▼
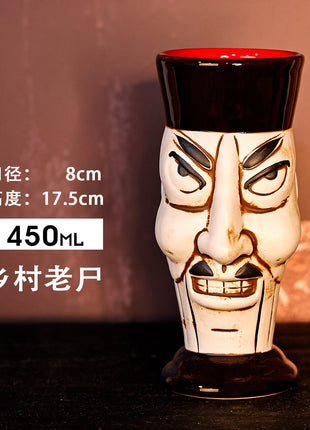 Tiki Mug — Country Old Corpse 450ml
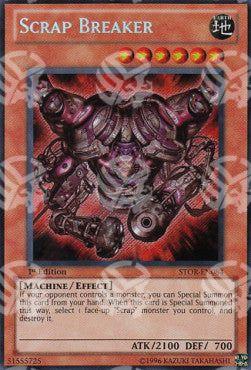 Distruttore Frammento - Storm of Ragnarok (Secret Rare) [STOR-084]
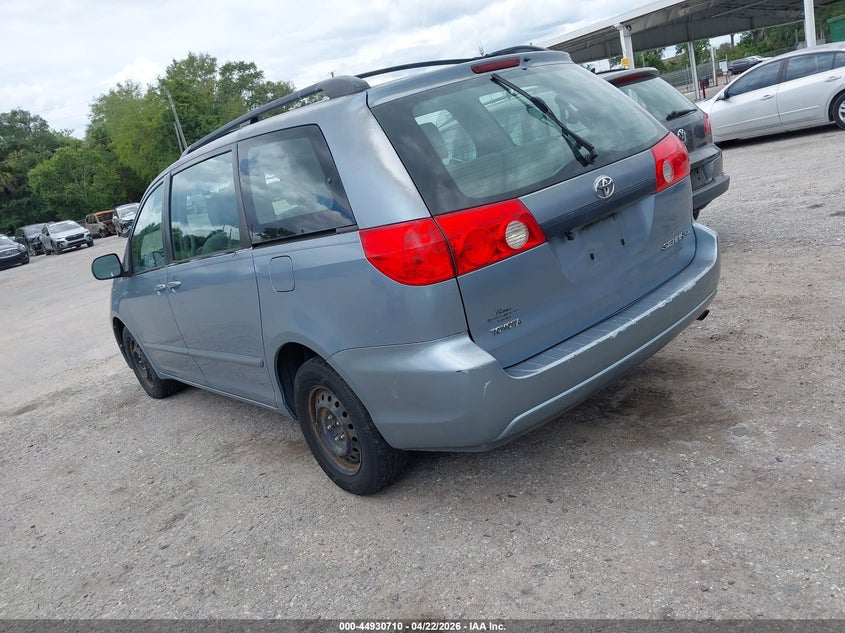 2009 Toyota Sienna Ce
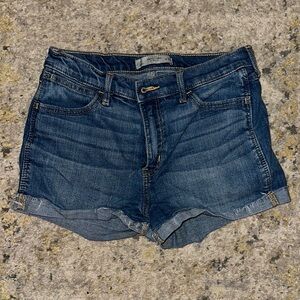 Abercrombie and Fitch Denim Shorts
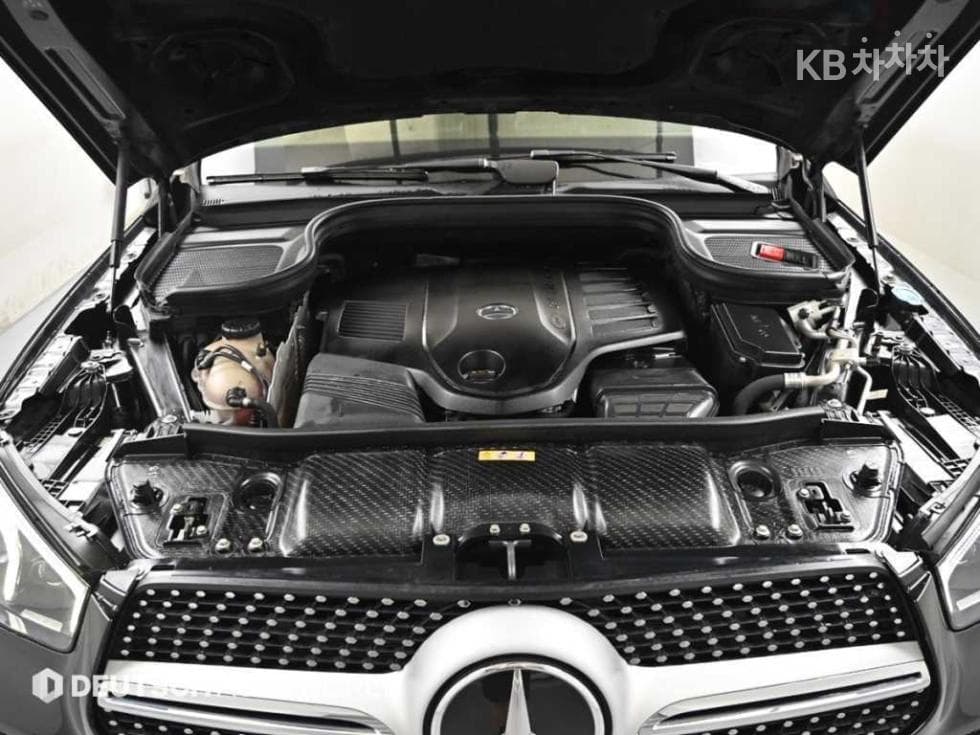 Mercedes-Benz - GLE-Class | 450 4Matic 6
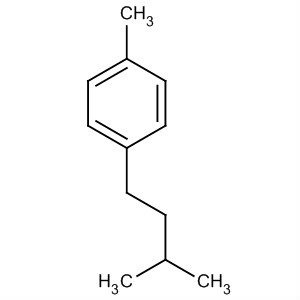 CAS No 61971-92-4  Molecular Structure
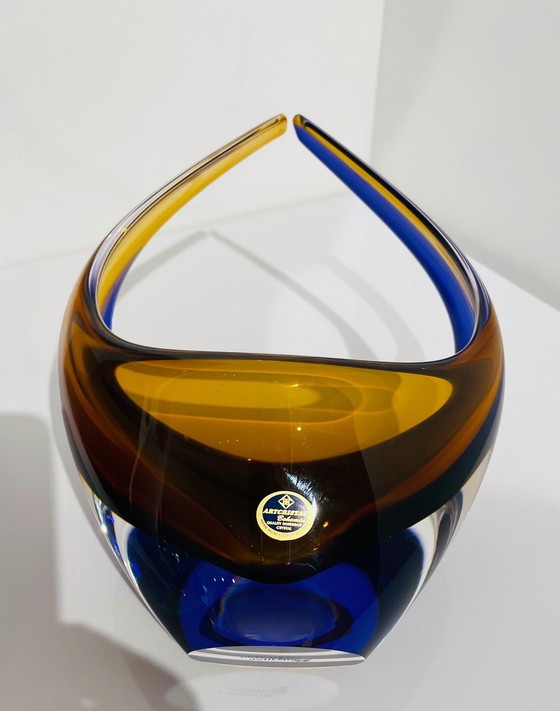 Image 1 of Glass Object From Jan Machalek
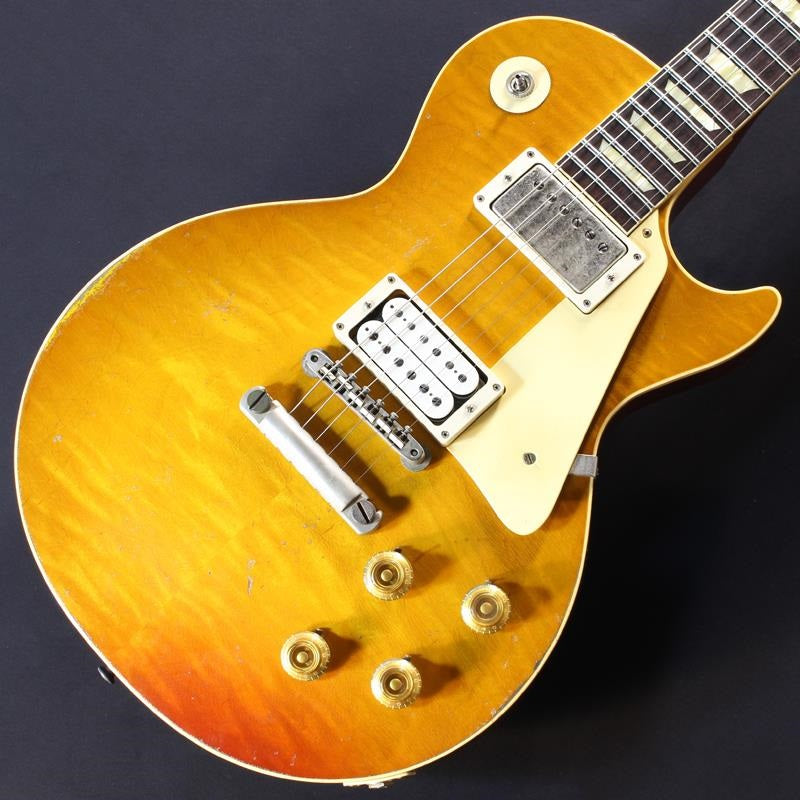 USED_​​Limited_Run_Murphy_Lab_1959_Les_Paul_Standard_Reissue_``Heavy_Aged''_BOTB_Page_116_#9_5683_03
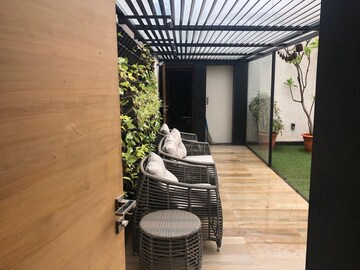 Balcony in 6 BHK Apartment at Market Yard – for Sale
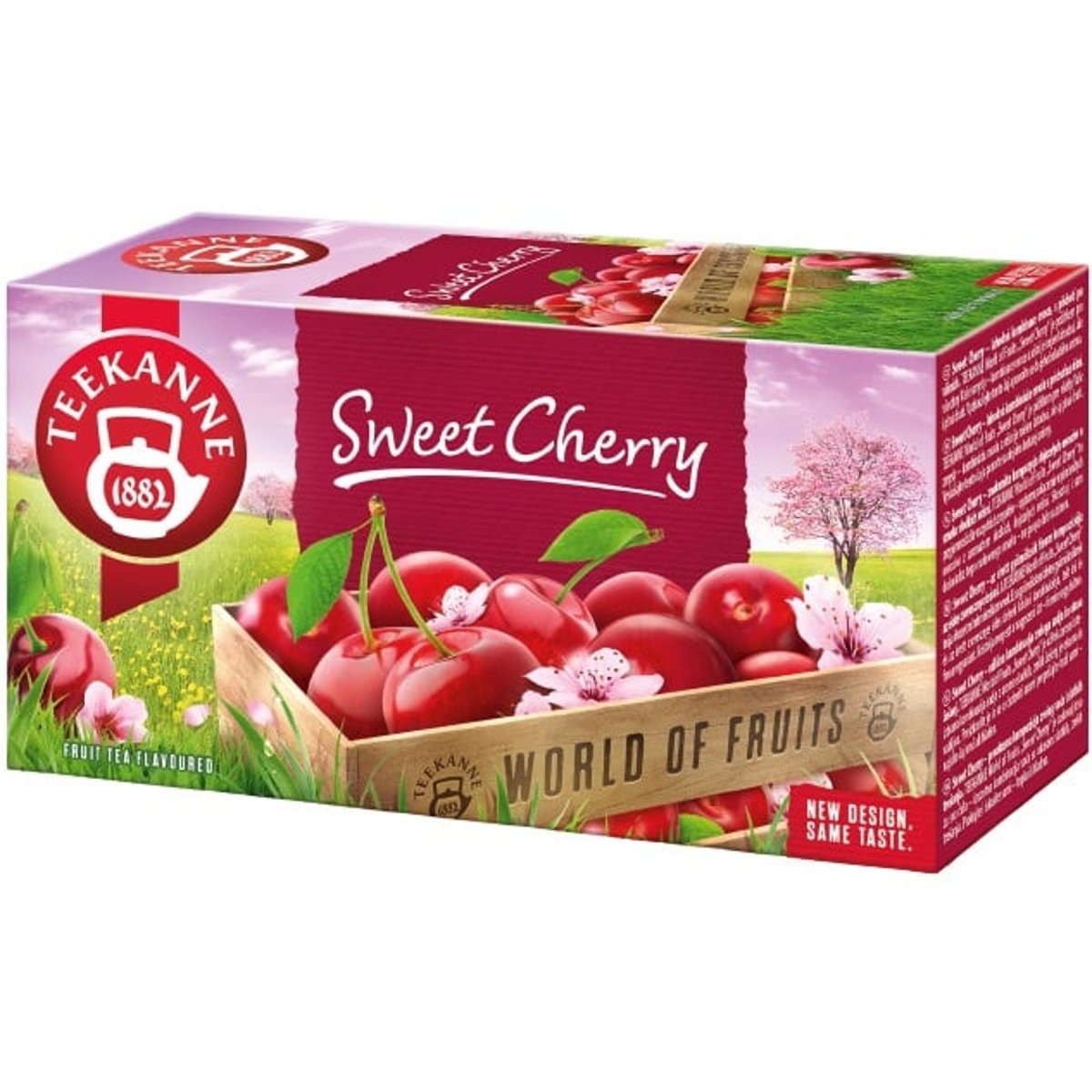 Teekanne Sweet Cherry
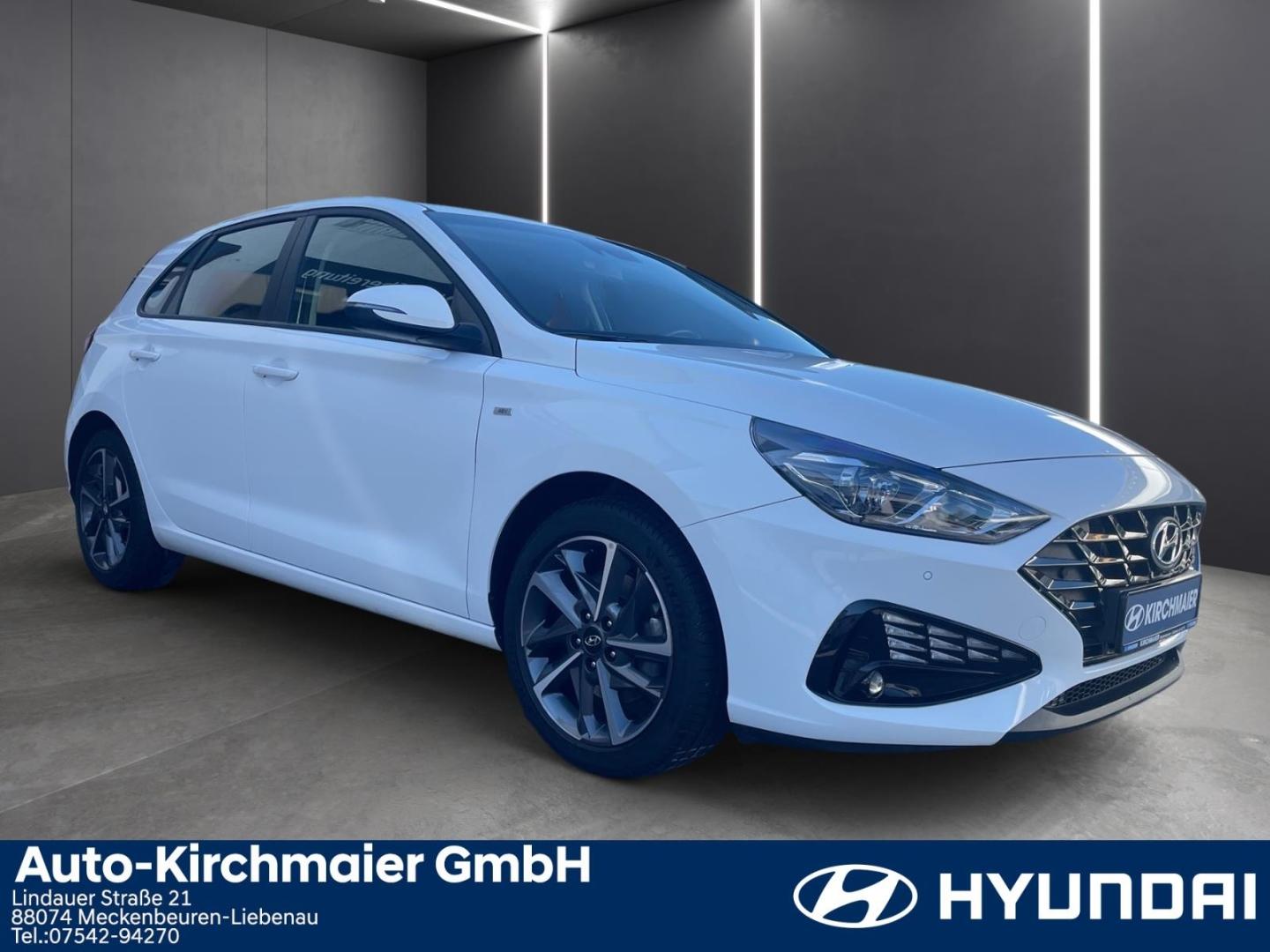 Hyundai i30 Trend 48V iMT TREND *NAVI*RCAM*PDC*SH*Klima*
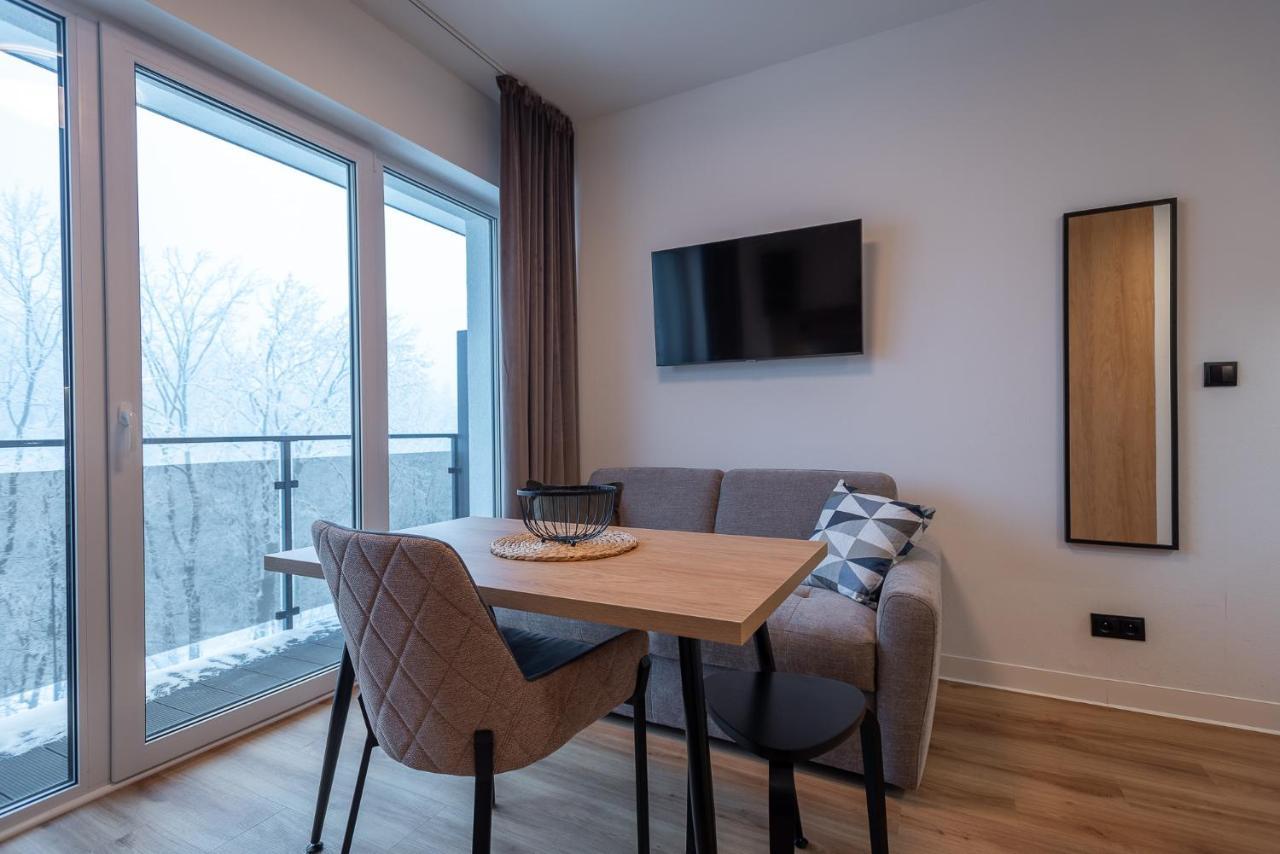 Apartamenty Na Uroczysku Шклярска-Поремба Экстерьер фото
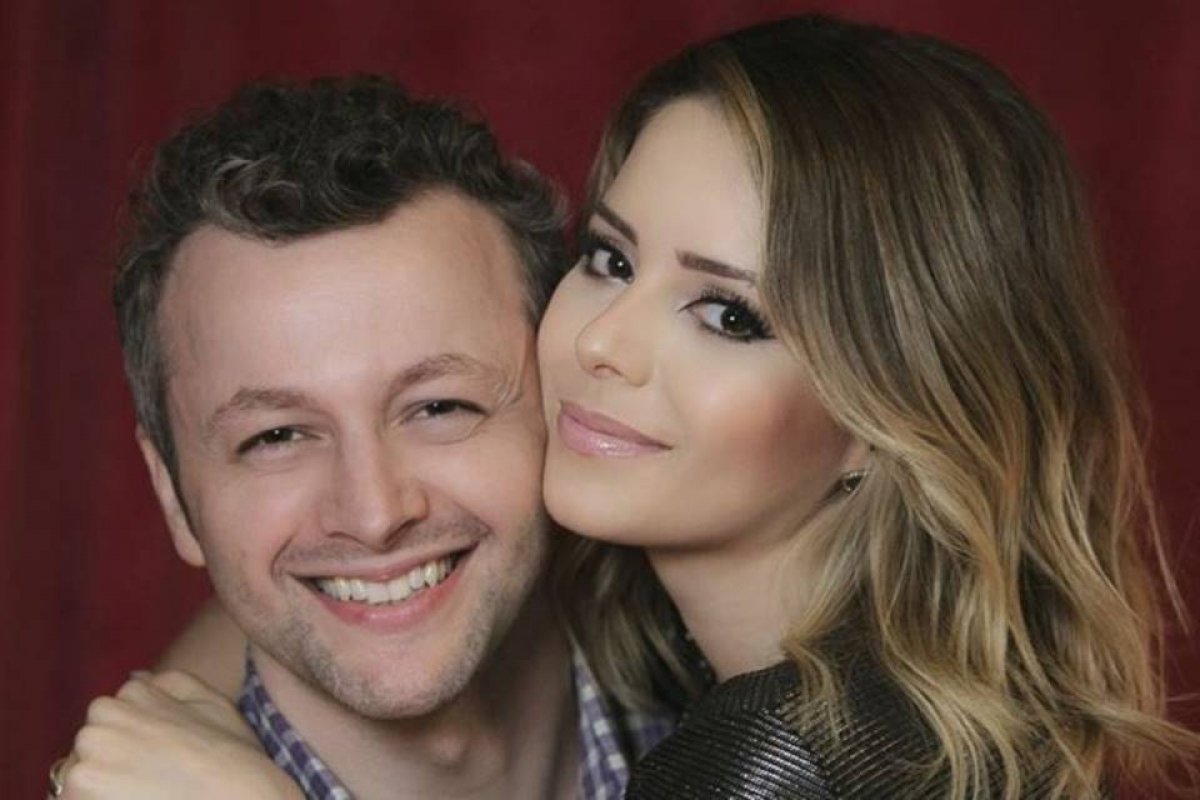Sandy anuncia live com Lucas Lima para o Dia dos Namorados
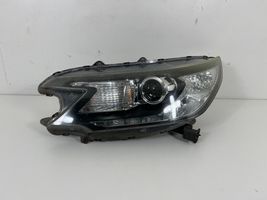 Honda CR-V Lampa przednia 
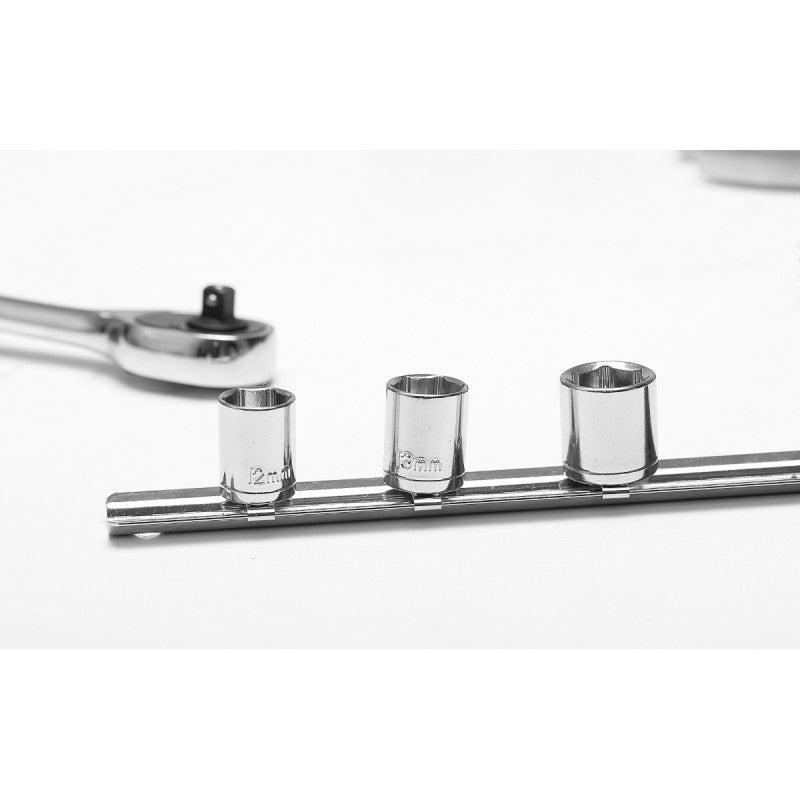 SUPORT CHEI TUBULARE CU 6 CLIPSURI 1/2"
▲
▶ [Task directions]: Every entry above needs to be copied exactly, apart from its pictures.

▶ [Completed exercise]:
 Tiki Mug — Country Old Corpse 450ml
 Distruttore Frammento - Storm of Ragnarok (Secret Rare) [STOR-084]
 2009 Toyota Sienna Ce
 Abercrombie and Fitch Denim Shorts
 Mercedes-Benz - GLE-Class | 450 4Matic 6
 CAS No 61971-92-4  Molecular Structure
 Image 1 of Glass Object From Jan Machalek
 USED_​​Limited_Run_Murphy_Lab_1959_Les_Paul_Standard_Reissue_``Heavy_Aged''_BOTB_Page_116_#9_5683_03
 Balcony in 6 BHK Apartment at Market Yard – for Sale
 Teekanne Sweet Cherry
 Hyundai i30 Trend 48V iMT TREND *NAVI*RCAM*PDC*SH*Klima*
 Apartamenty Na Uroczysku Шклярска-Поремба Экстерьер фото
Sandy anuncia live com Lucas Lima para o Dia dos Namorados
 Honda CR-V Lampa przednia 
 SUPORT CHEI TUBULARE CU 6 CLIPSURI 1/2"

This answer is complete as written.